Conforme a Instrução Normativa RFB nº 459/2004, as mesmas regras interpretativas usadas para o IRRF devem ser aplicadas na retenção destas contribuições. Assim, como os serviços relacionados ao concreto não configuram serviços profissionais de engenharia nos termos da legislação, não estão sujeitos à retenção dessas contribuições.

Sobre as Contribuições Previdenciárias

No que se refere à retenção de 11% da contribuição previdenciária, a RFB concluiu que os serviços de lançamento, bombeamento e transporte de concreto, usinagem e concretagem não estão sujeitos a essa retenção pelos seguintes motivos:

  • Tais atividades não estão listadas no Anexo VII da Instrução Normativa RFB nº 971/2009, que enumera os serviços especializados de construção civil sujeitos à retenção
  • O art. 143, inciso IV, da IN RFB nº 971/2009 exclui expressamente o “fornecimento de concreto usinado, de massa asfáltica ou de argamassa usinada ou preparada” da obrigatoriedade de retenção
  • Algumas dessas atividades são classificadas como indústria de transformação (CNAE 2330-3/05) e não como serviço de construção civil

Impactos Práticos para as Empresas

Esta Solução de Consulta traz importantes consequências práticas para as empresas do setor:

Para as Prestadoras de Serviços de Concreto:

  • Não sofrerão retenção de IRRF (1,5%), CSLL (1%), PIS (0,65%) e COFINS (3%) em suas notas fiscais
  • Não terão a retenção de 11% de INSS sobre o valor dos serviços
  • Maior fluxo de caixa, já que receberão o valor integral das notas fiscais
  • Redução da burocracia relacionada à compensação e recuperação de valores retidos

Para as Contratantes:

  • Não precisam realizar as retenções tributárias nesses serviços específicos
  • Diminuição de obrigações acessórias relacionadas às retenções
  • Redução de riscos fiscais por eventuais erros na aplicação das retenções
  • Maior segurança jurídica nas relações comerciais com fornecedores de serviços de concreto

Análise Comparativa

É importante notar que esta Solução de Consulta está parcialmente vinculada à Solução de Consulta COSIT nº 100/2014, que já havia estabelecido entendimentos semelhantes.

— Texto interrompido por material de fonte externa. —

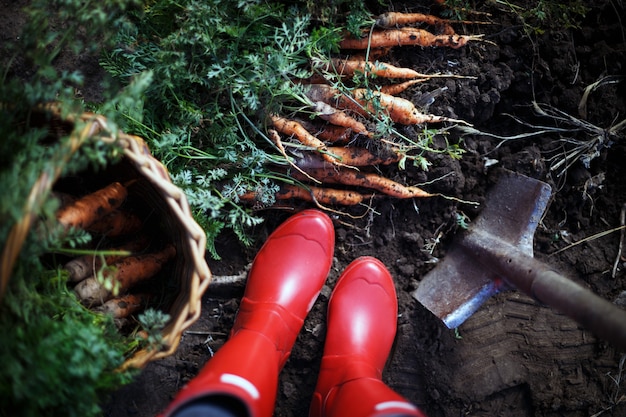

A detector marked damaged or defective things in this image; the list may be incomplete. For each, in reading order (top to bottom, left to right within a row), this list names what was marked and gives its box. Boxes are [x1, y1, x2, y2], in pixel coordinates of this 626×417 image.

rusty spade blade [412, 171, 624, 350] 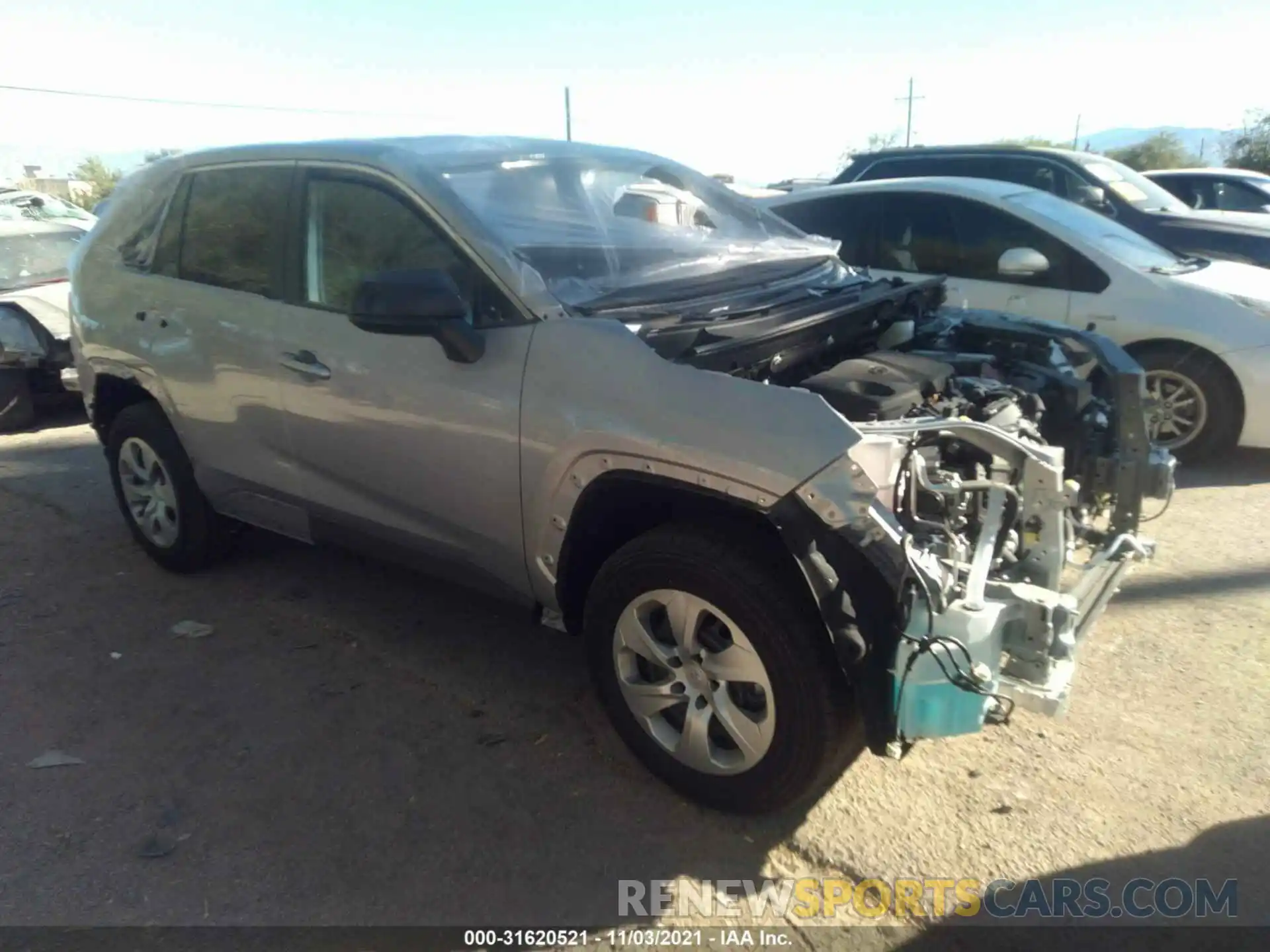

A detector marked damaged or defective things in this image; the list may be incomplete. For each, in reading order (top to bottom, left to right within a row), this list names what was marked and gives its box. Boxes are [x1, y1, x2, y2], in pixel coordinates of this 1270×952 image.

damaged silver suv [69, 138, 1175, 814]
crumpled front end [788, 312, 1175, 751] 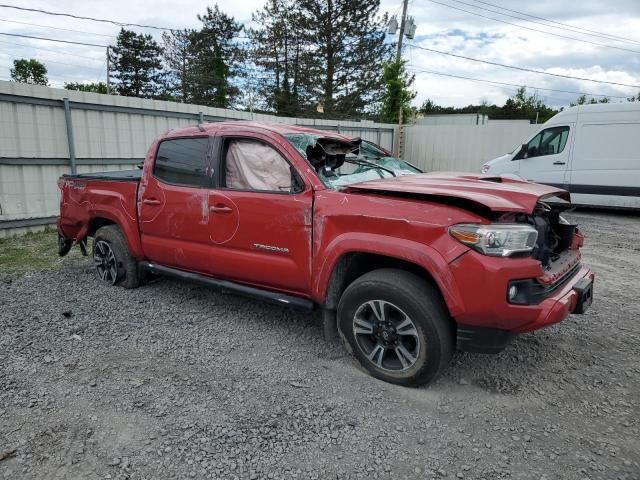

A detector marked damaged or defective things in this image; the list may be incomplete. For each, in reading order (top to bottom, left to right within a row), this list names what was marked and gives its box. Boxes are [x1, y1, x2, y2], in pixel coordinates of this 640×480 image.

damaged red truck [57, 122, 592, 388]
shattered windshield [284, 134, 420, 190] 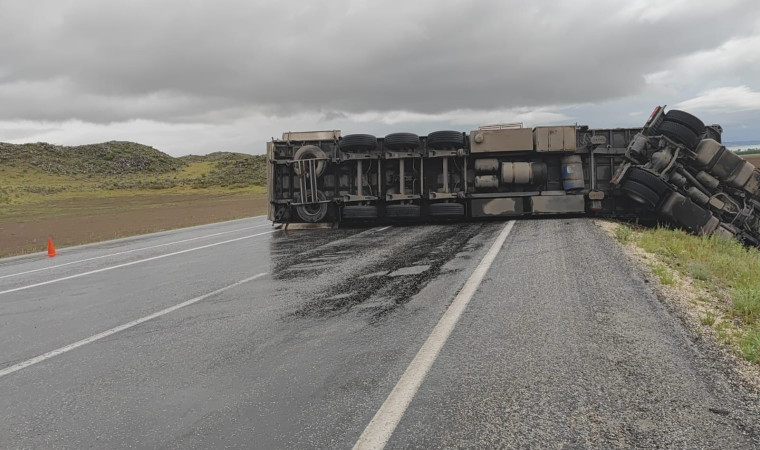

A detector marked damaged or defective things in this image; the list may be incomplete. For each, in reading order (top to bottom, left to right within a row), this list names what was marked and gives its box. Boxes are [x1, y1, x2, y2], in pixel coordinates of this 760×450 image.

overturned truck [268, 107, 760, 248] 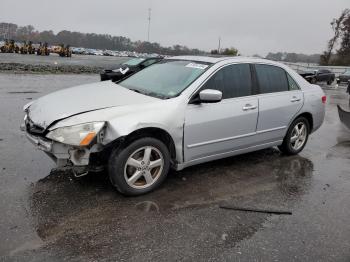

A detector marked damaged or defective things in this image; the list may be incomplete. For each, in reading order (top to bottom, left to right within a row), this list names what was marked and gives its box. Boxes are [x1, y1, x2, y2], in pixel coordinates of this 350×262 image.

other damaged vehicle [100, 57, 163, 82]
broken headlight [47, 122, 106, 146]
crumpled hood [27, 80, 157, 128]
other damaged vehicle [21, 56, 326, 195] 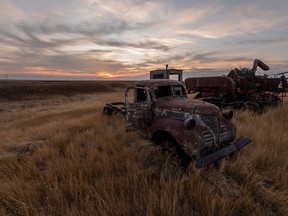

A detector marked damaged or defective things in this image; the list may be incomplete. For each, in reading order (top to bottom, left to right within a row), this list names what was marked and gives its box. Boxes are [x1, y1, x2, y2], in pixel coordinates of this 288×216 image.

rusty truck [103, 78, 250, 168]
rusty truck [184, 59, 286, 111]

A COSIT 81/2020 reforça e amplia esse entendimento, tornando mais claro quais serviços relacionados ao concreto não estão sujeitos às retenções.

Além disso, o entendimento da RFB distingue claramente:

  • Serviços de engenharia sujeitos à retenção: elaboração de projetos, consultoria técnica, fiscalização de obras, perícias técnicas
  • Serviços de engenharia não sujeitos à retenção: construção de estradas, pontes, prédios, montagem de equipamentos, e agora, explicitamente, os serviços relacionados ao concreto

Considerações Finais

A isenção de retenção tributária em serviços de concreto, confirmada pela Solução de Consulta nº 81/2020, representa um importante esclarecimento para o setor de construção civil. Este entendimento da Receita Federal reforça que nem todas as atividades relacionadas à engenharia estão sujeitas às retenções tributárias, mas apenas aquelas de caráter intelectual e científico.

As empresas que prestam serviços de lançamento, bombeamento, transporte, usinagem de concreto e concretagem podem agora atuar com maior segurança jurídica, sem a necessidade de sofrer retenções tributárias em seus faturamentos. Já para as contratantes, há clareza sobre a não obrigatoriedade de realizar tais retenções.

É fundamental que as empresas do setor mantenham sua documentação fiscal adequada, com a correta descrição dos serviços nas notas fiscais, a fim de evidenciar que se trata efetivamente dos serviços mencionados nesta Solução de Consulta e, assim, afastar a incidência das retenções tributárias.